Menjelang Pilpres 2009 Rasdullah bersama Jaringan Rakyat Miskin Kota mendatangi Jusuf Kalla, dan mengajukan sebuah konsep kontrak politik. Namun konsep politik itu ditolak mentah-mentah, karena berisi legalisasi becak
Seperti tak kehabisan energi, pada tahun 2012, menjelang Pilkada DKI putaran kedua, Sebaja, bersama Jaringan Rakyat Miskin Kota (JRMK), Komunitas Juang Perempuan (KJP), dan Urban Poor Consortium (UPC), mendatangi pasangan calon gubernur DKI, Jokowi-Ahok, untuk sebuah kontrak politik. Namun naas pada tahun 2016, ia dan teman-temanya kena garuk satpol PP DKI yang mengadakan operasi becak. Ia berkirim surat terbuka kepada presiden Joko Widodo. Surat terbukanya itu ia tulis tangan, namun beredar luas di medsos, dan mendapat simpati banyak warga net.
Di awal tahun 2018 senyum sumringah Rasdullah kembali meramaikan DKI, becak kembali boleh beroperasi secara terbatas di Jakarta melalui pengaturan konsep rencana tindak komunitas yang dikeluarkan Gunernur DKI yang baru.
Demikianlah konsistensi perjuangan seorang penarik becak sanggup memberi inspirasi, dan teladan dalam berdemokrasi. Sebuah contoh perjuangan kolektif, yang dilakukan oleh kelompok akar rumput dalam mempertahankan eksistensinya.

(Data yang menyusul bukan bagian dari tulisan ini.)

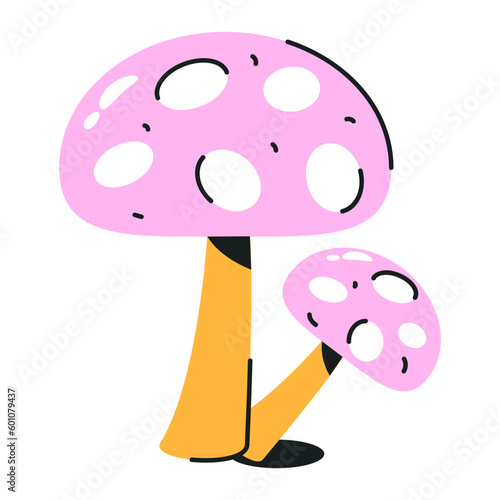 An icon of button mushrooms, flat design 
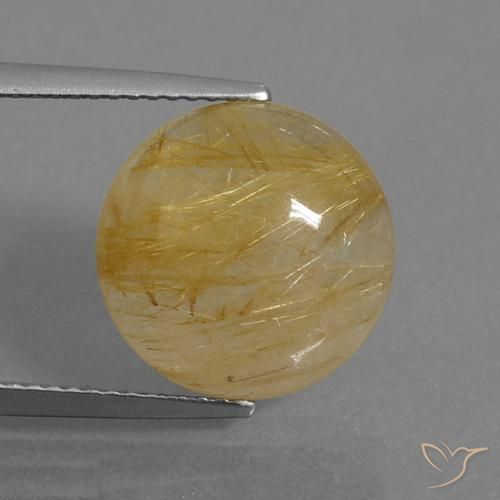 7.98ct طبيعي ذهبى متوسط كوارتز روتيل, دائري, شفاف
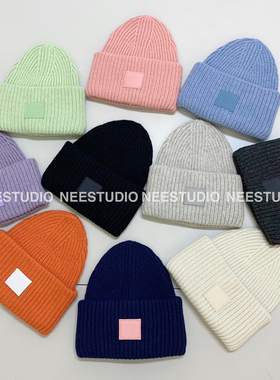 2025笑脸羊毛帽子绒线冷帽秋冬季针织灰色男保暖女款显脸小毛线帽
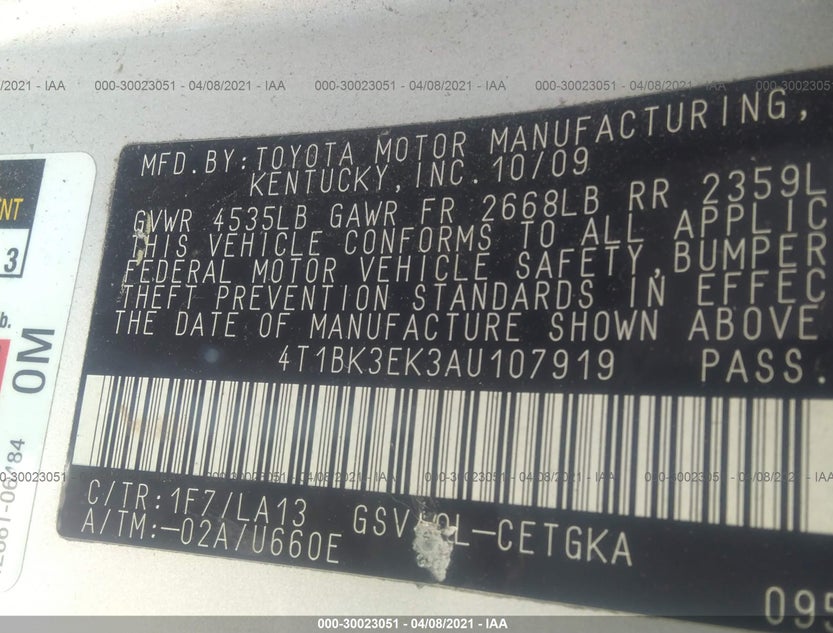 4T1BK3EK3AU107919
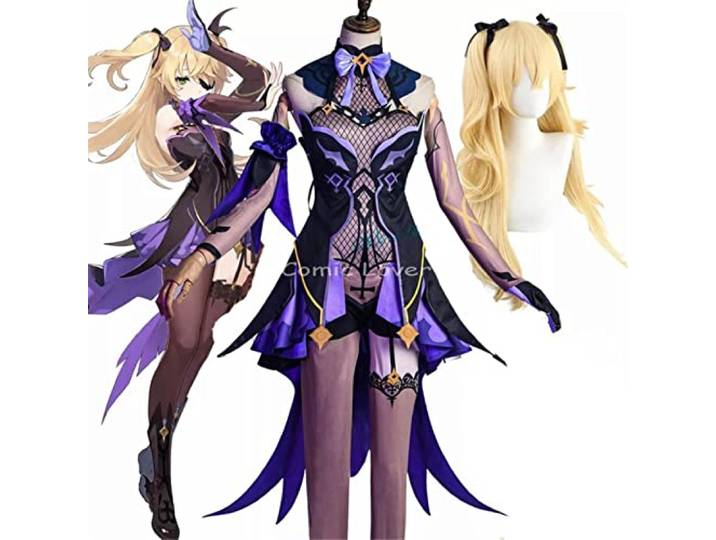 PUYYDS Spiel Genshin Impact Fischl Cosplay Kostüm Perücken Anime Outfits Kleid Halloween Karneval Uniformen Tuch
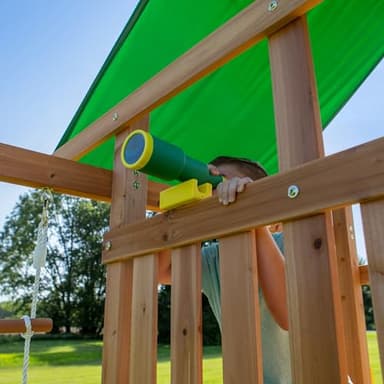 Backyard Discovery Mount Mckinley Cedar Wood Swing Set with Wave Slide, Play Deck, Double Rock Wall, Rope Ladder, Web Swing, Belt Swings, Toy Telescope, Steering Wheel, Sandbox Area, Outdoor Playset - Image 8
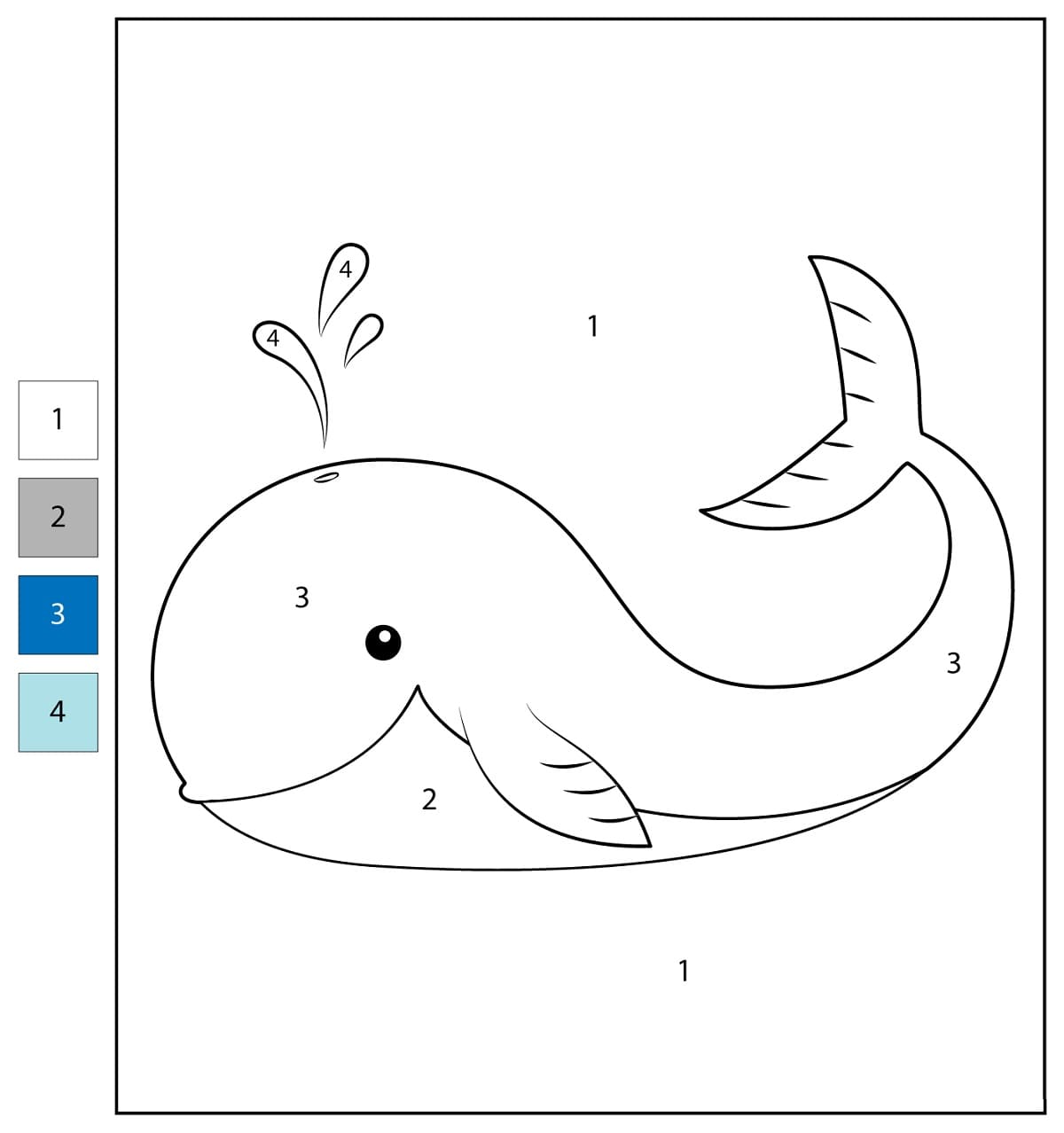 Easy Whale Color By Number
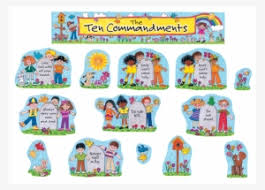 This free printable ten commandments craft allows kids to match the commandment number with the commandment. Tcr7000 Children S Ten Commandments Bulletin Board 10 Commandments Images For Kids Transparent Png 900x900 Free Download On Nicepng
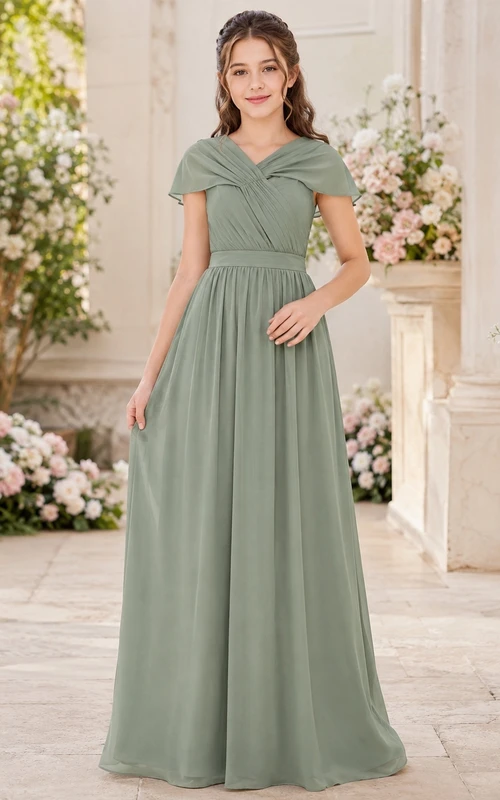 Vestido de dama de honor juvenil color celadón, corte en A, escote en V, manga corta, fruncido de pétalos, estilo romántico.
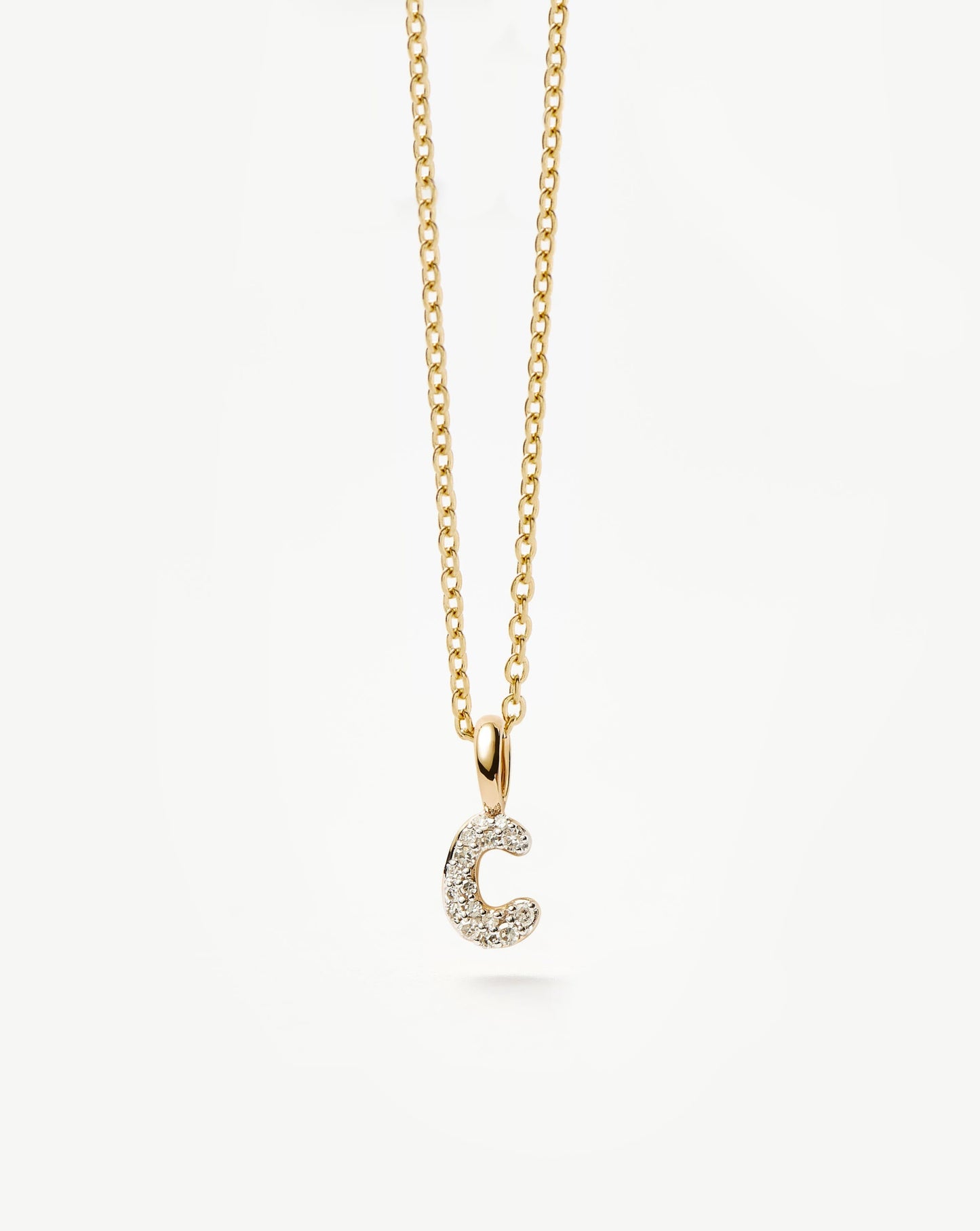 Fine Diamond Initial Mini Pendant Necklace - C| 14ct Solid Yellow Gold Plated/Diamond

Sewajarnaya sebagai masyarakat yang beradab, masyarakat Bali, diharapkan mampu melakukan perjuangan-perjuangan politik yang lebih elegan, dan bermartabat. Dengan mengedepankan kecerdasan dan rasionalitas, melihat gagasan dan ide, dan tidak terjebak pada bentuk patronase atau karena rasa takut.
Kinilah saatnya civil society yang ada di Bali, baik kelompok petani, seniman, budayawan, maupun pekerja ekonomi mikro, dan buruh pariwisata, bersatu dan memperjuangkanya aspirasinya kepada calon yang dipercaya. Karena dalam demokrasi, berlaku hukum, siapa yang bekerja ia yang menuai hasil, siapa yang berjuang ia akan mendapatkan buah perjuangannya.
Tanpa hadirnya kesadaran akan perjuangan, demokrasi hanyalah suatu prosudural 5 tahunan, tanpa memberi perubahan berarti. Tanpa hadirnya pemilih yang mandiri dan cerdas, dipastikan pendidikan politik telah gagal, dan politik patronase-klientalisme kembali berkuasa.